The judge is expected to render a ruling on whether Cipriano’s petition signatures are valid today. Cipriano filed 520 signatures, according to sources. But Eaton contended that many of the signatures were invalid because the voters had previously signed the petitions of other candidates for district leader. In cases where there are duplicate signatures, the first petition signed by the voter is the one that counts.
District leaders, officially known as state committeemen and state committeewomen, are the workhorses of the political party system. They are members of a party’s state committee and work at a grassroots level to help select candidates for public office, supervise volunteers in the collection of petition signatures, and to help get voters to the polls on Election Day.

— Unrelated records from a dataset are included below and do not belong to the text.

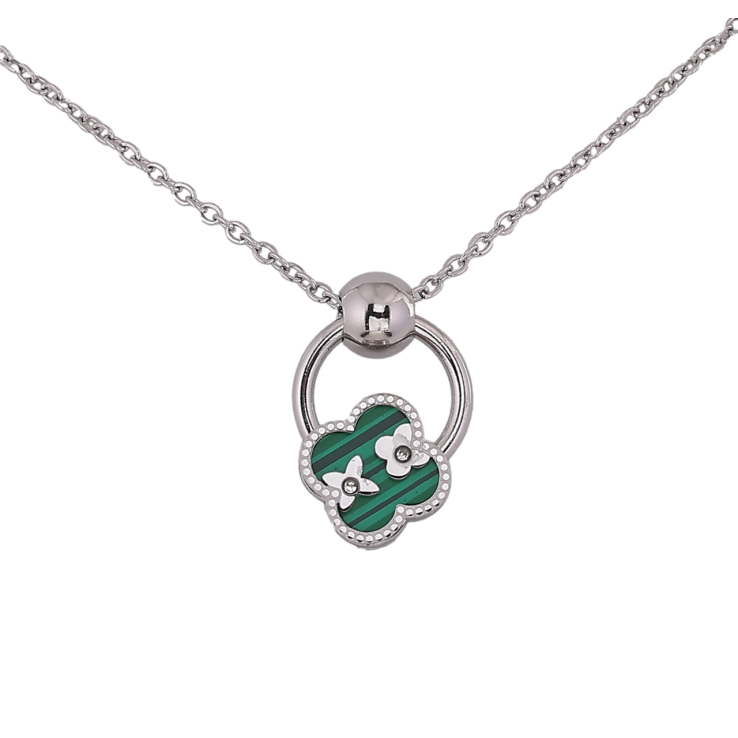 Подвеска на цепочке Нержавеющая сталь Колечко с зеленым клевером длина 41-46см х 1.5мм фото №22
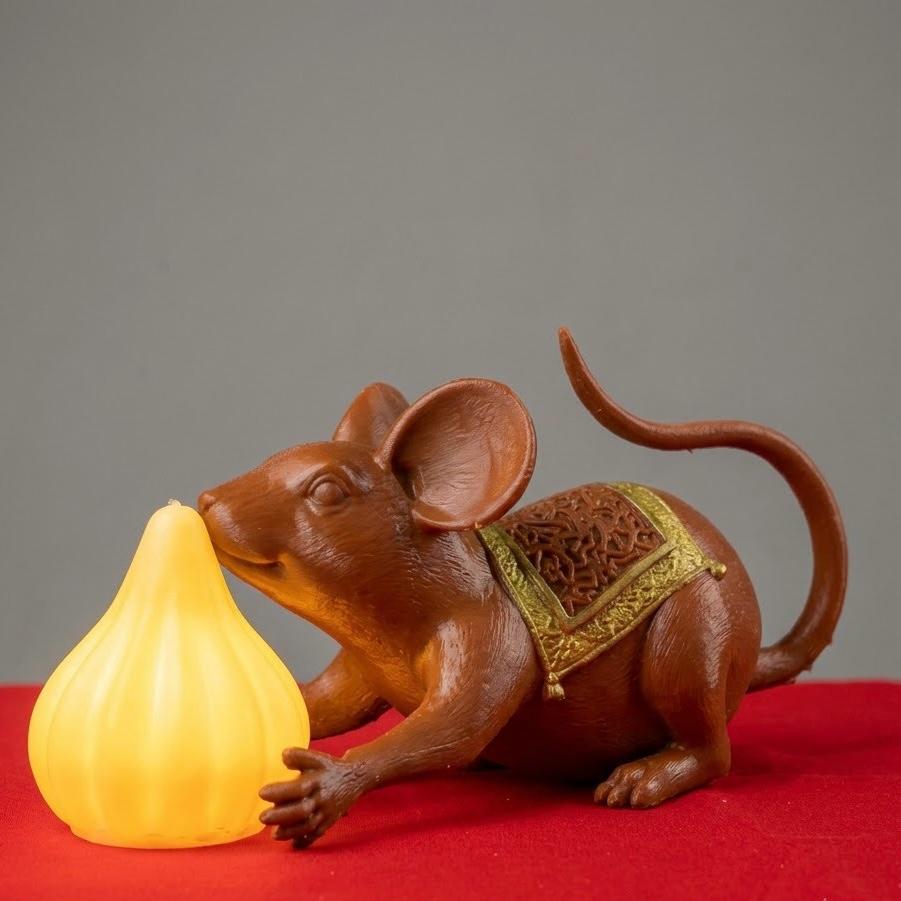 Mushak Lamp with Detachable LED Modak & Laddoo | Ganpati Décor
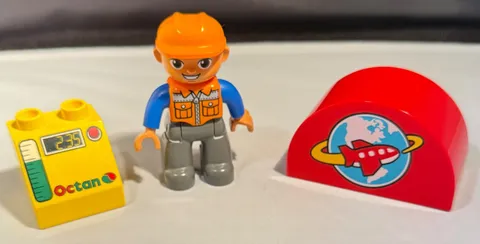 Vintage Lego Duplo Airport Pieces Parts Airport Worker Minifigure Octan Airplane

There is a male and female district leader for every political party in every assembly district in New York. In addition to Cipriano, there are other hopefuls seeking to run for district leader in the 49th Assembly District, including John Bennett and Steve Maresca. Marc D’Ottavio, who had been supported by Eaton, declined to accept Eaton’s offer to run for the post. After D’Ottavio decided not to run, Eaton threw his support behind Graves, a Bensonhurst resident who works for the New York City Board of Elections.
The bad blood between Eaton and Cipriano comes as a surprise to political observers who pointed out that the party chairman has supported Cipriano in the past.
In 2010, Cipriano ran, with Eaton’s support, in the G.O.P. primary against Lucretia Regina-Potter for the party’s nomination to run for the assembly seat in the 49th A.D. Cipriano defeated Regina-Potter in the primary and went on to run against incumbent Democrat Peter Abbate in the general election. Abbate won that race.
“Craig really took Peter under his wing and helped him run,” said one party official.